Understand EFS as shared multi-instance NFS storage. Compare EFS vs EBS, learn storage classes, and know when to choose each.
EFS — Shared File Storage for Multiple EC2 Instances
EFS provides a shared NFS file system that can be mounted simultaneously by multiple EC2 instances, ECS tasks, Lambda functions, and EKS pods. Unlike EBS (one volume, one instance), EFS scales automatically and is accessible to thousands of instances at once.
Teacher Note: EBS is like a USB drive — plugs into one computer at a time. EFS is like a network drive (NAS) in an office — multiple computers mount it simultaneously and all see the same files.
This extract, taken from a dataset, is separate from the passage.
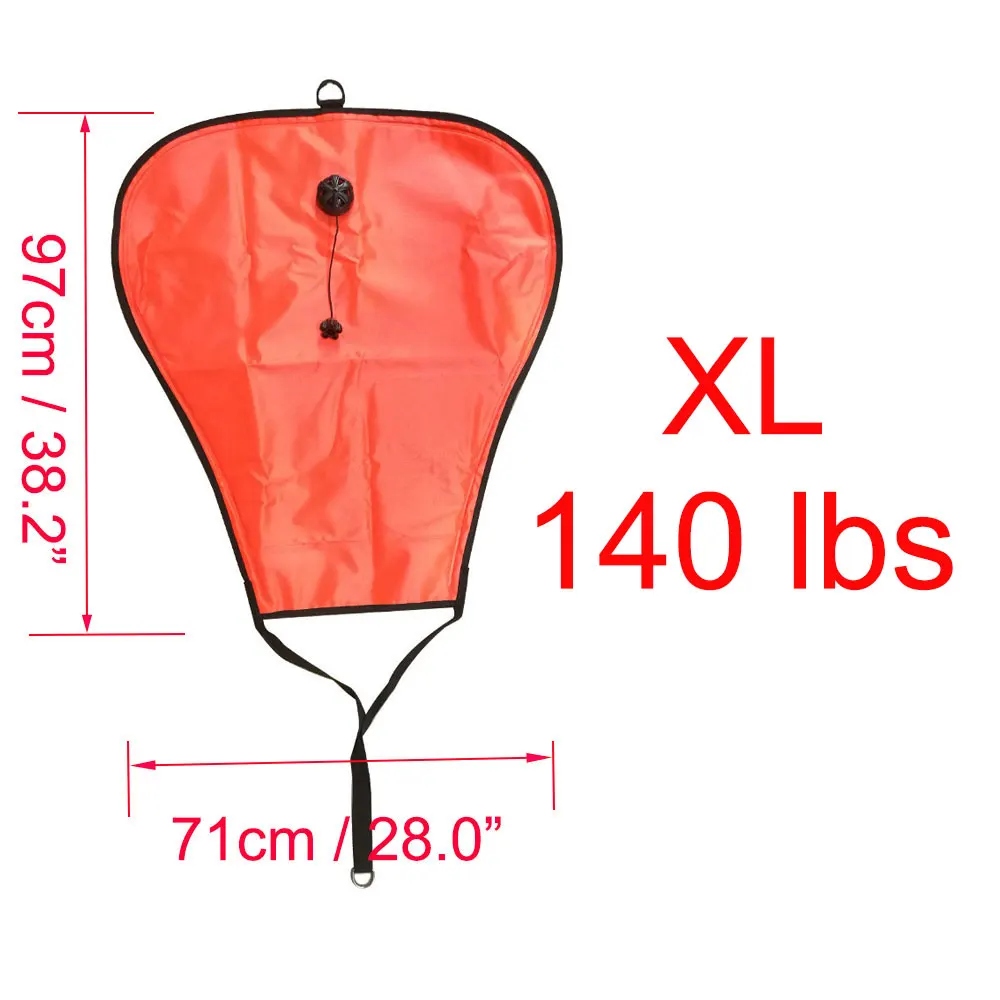 XL 140LBS 60/70/125/140LBS подъемный мешок для подводного плавания, оборудование для дайвинга с клапаном давления - Цвет: XL 140LBS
Perfect for shared content like website assets, ML datasets, and application configuration files.
EFS vs EBS Comparison
| Feature | EFS | EBS |
|---|
| Access | Multiple instances simultaneously | One instance at a time (usually) |
| Protocol | NFS (Network File System) | Block storage (like a hard drive) |
| Scaling | Automatic — grows/shrinks with data | Manual — provision capacity upfront |
| AZ | Multi-AZ (regional service) | Single AZ (must snapshot to move) |
| Price | $0.30/GB/month | $0.08-0.10/GB/month (gp3) |
| Performance | Consistent (latency varies with load) | Consistent low latency |
| Best For | Shared content, CMS, ML datasets | OS disk, databases, high IOPS apps |
EFS Storage Classes
| Class | Description | Cost |
|---|
| Standard | Frequently accessed files | $0.30/GB/month |
| Infrequent Access (IA) | Files not accessed in 30+ days | $0.016/GB/month |
| Archive | Rarely accessed files | $0.008/GB/month |
# Mount EFS on Linux EC2
sudo apt install nfs-common # Install NFS client
# Mount
sudo mount -t nfs4
-o nfsvers=4.1,rsize=1048576,wsize=1048576
fs-12345678.efs.us-east-1.amazonaws.com:/
/mnt/efs
# Add to /etc/fstab for persistent mount
fs-12345678.efs.us-east-1.amazonaws.com:/ /mnt/efs nfs4 defaults 0 0
Exam Tip: EFS Intelligent Tiering automatically moves files between Standard and IA tiers based on access patterns — you get cost savings without managing lifecycle rules manually. Great for content management systems where some files are accessed daily and others are never touched after upload.